Methods: In this nationwide randomised controlled noninferiority trial performed in 11 secondary and tertiary care hospitals in the Netherlands, we randomised 204 patients for either a PCN or an internal stent. The primary outcome was the time to recovery.
Key findings and limitations: Baseline characteristics were comparable. Fourteen participants crossed over from the PCN group to the internal stent group, of whom most (n = 11) crossed over due to technical failure, as opposed to four crossovers from the internal stent group to the PCN group. The mean time to recovery was 1.7 d (standard deviation [SD] 1.7) in the PCN arm and 1.5 d (SD 1.5) in the internal stent group. The mean difference was 0.3 (95% confidence interval -0.2 to 0.7) and did not exceed the noninferiority margin of 1 d (noninferiority p < 0.01).

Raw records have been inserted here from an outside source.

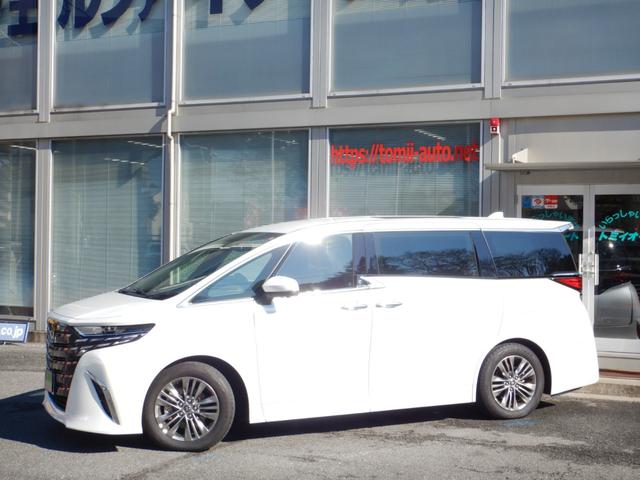 アルファードハイブリッド Ｚ　１４インチディスプレイナビＴＶ・パノラミックビュー・１２．１型フリップダウンモニター・合成皮革パワーシート・左右独立ムーンルーフ・トヨタチームメイト・デジタルインナーミラー・ブラインドスポットモニター（3枚目）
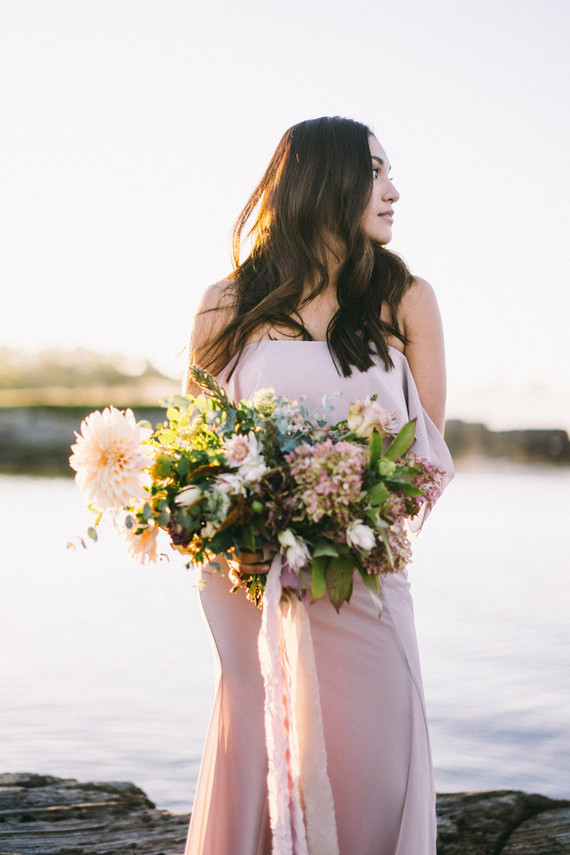 Maine engagement photos at Kettle Cove on Cape Elizabeth Inspiration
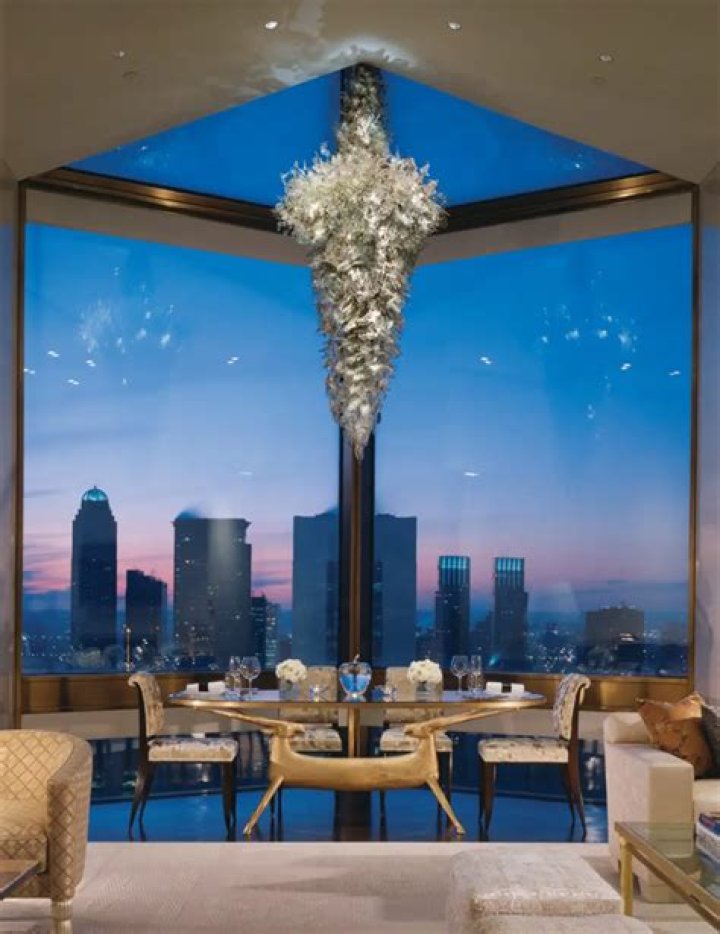 When Billionaires Visit New York City, They Stay In This $50 MILLION Hotel Penthouse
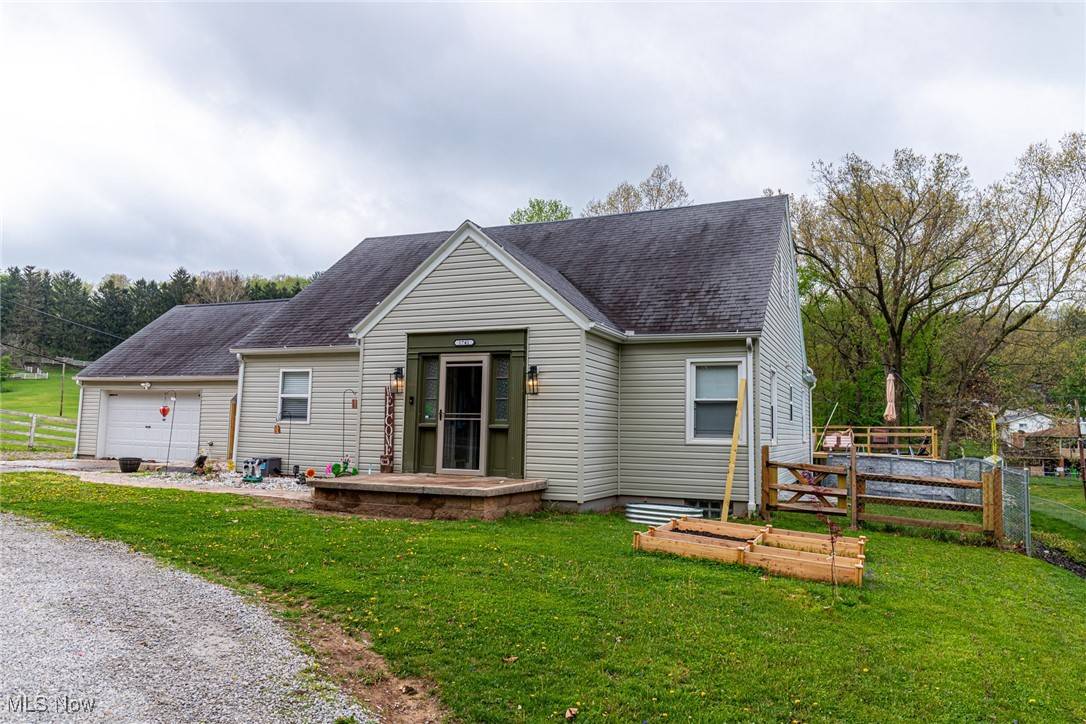 Coshocton, OH 43812,1741 Cambridge RD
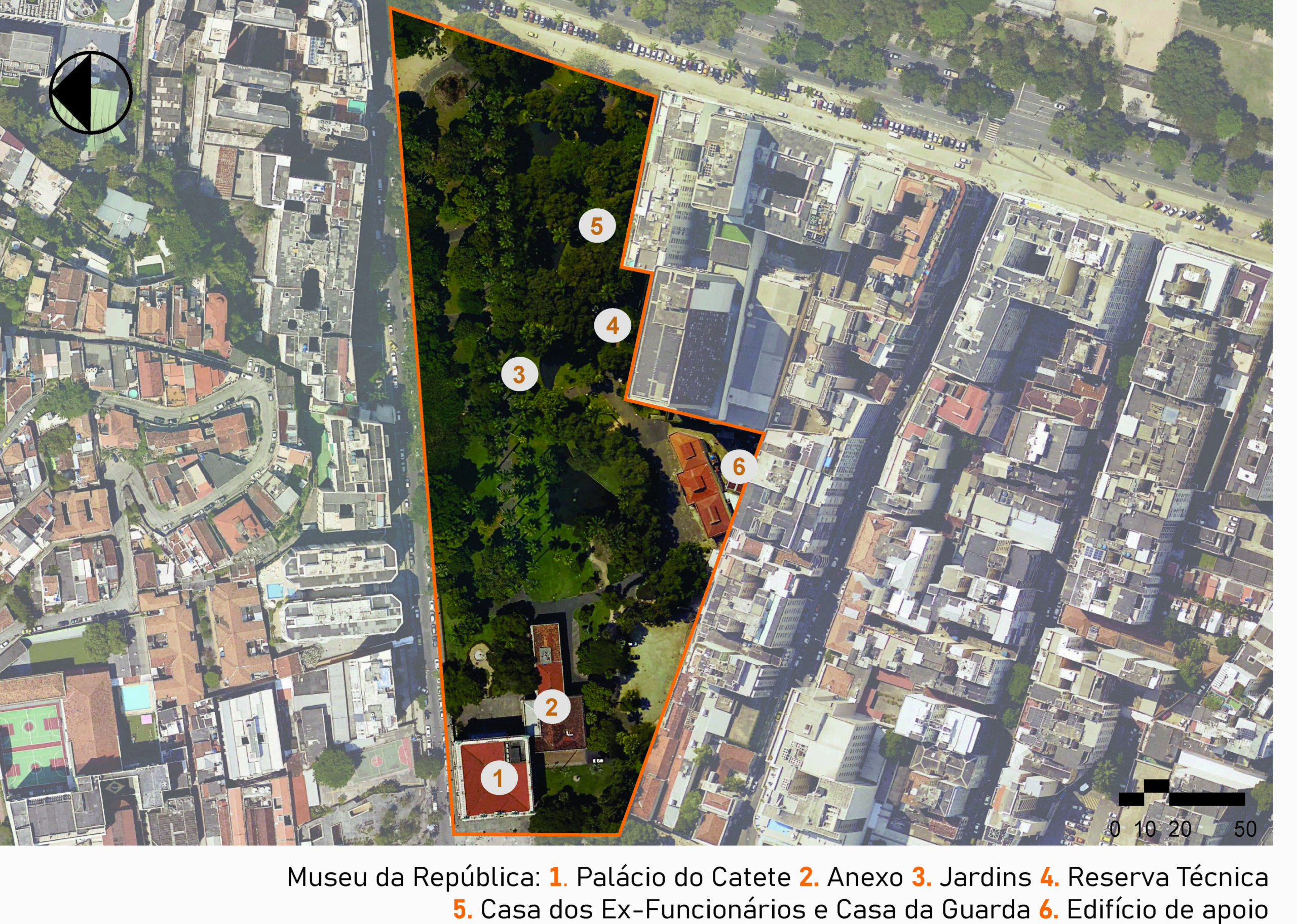 Vista de satélite da área do museu e seu entorno, mostrando a malha urbana da área que circunda o museu. Destaque para o amplo terreno do museu com os elementos do conjunto indicados pelos números: 1, Palácio do Catete, 2, Anexo, 3, Jardins, 4, Reserva técnica, 5, Casa dos ex-funcionários e Casa da Guarda, e 6, Edifício de apoio. A imagem inclui a legenda com a identificação das edificações, no canto inferior direito a escala gráfica e, na parte superior esquerda, uma seta indicando o ponto cardeal norte.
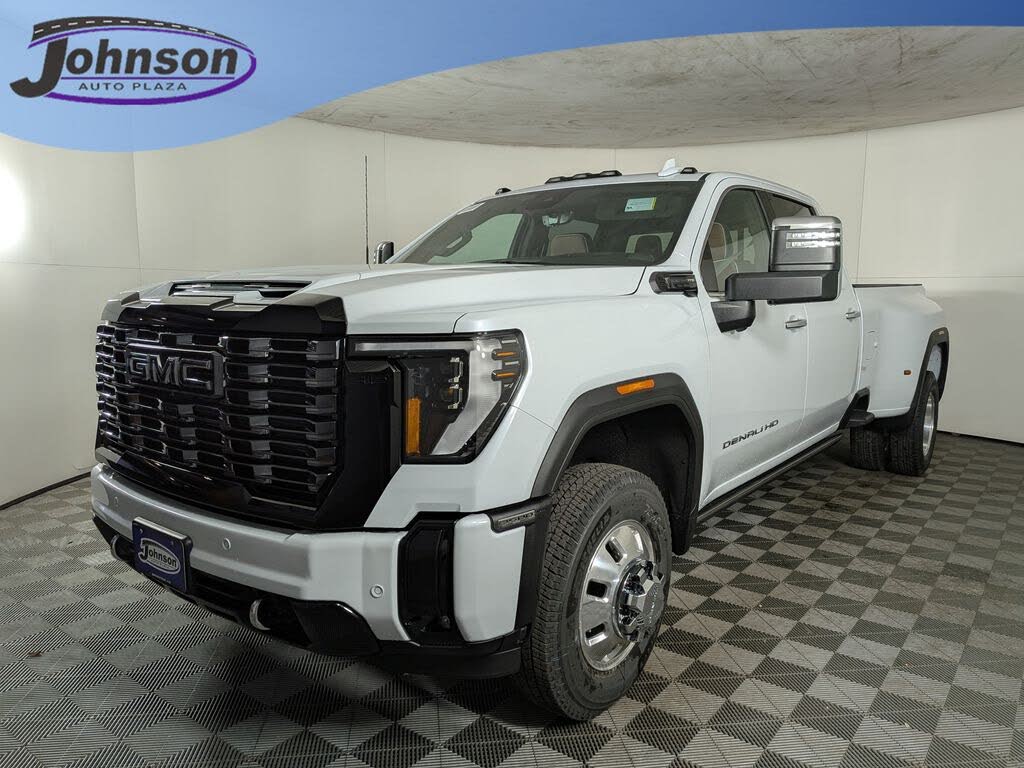 2026 GMC Sierra 3500HD Denali Ultimate Crew Cab 4WD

No statistically significant difference was observed in the percentage of participants with adverse events, nor were we able to demonstrate a statistically significant difference in the number of events of Clavien-Dindo grade ≥3a. The current study revealed a notably high rate of crossovers due to technical failure.
Conclusions and clinical implications: The STent Or NEphrostomy study proved a PCN to be noninferior to an internal stent in terms of the time to clinical recovery. Either option for drainage is an effective method of treatment, as long as patient-specific risk factors for technical failure of the procedure are considered.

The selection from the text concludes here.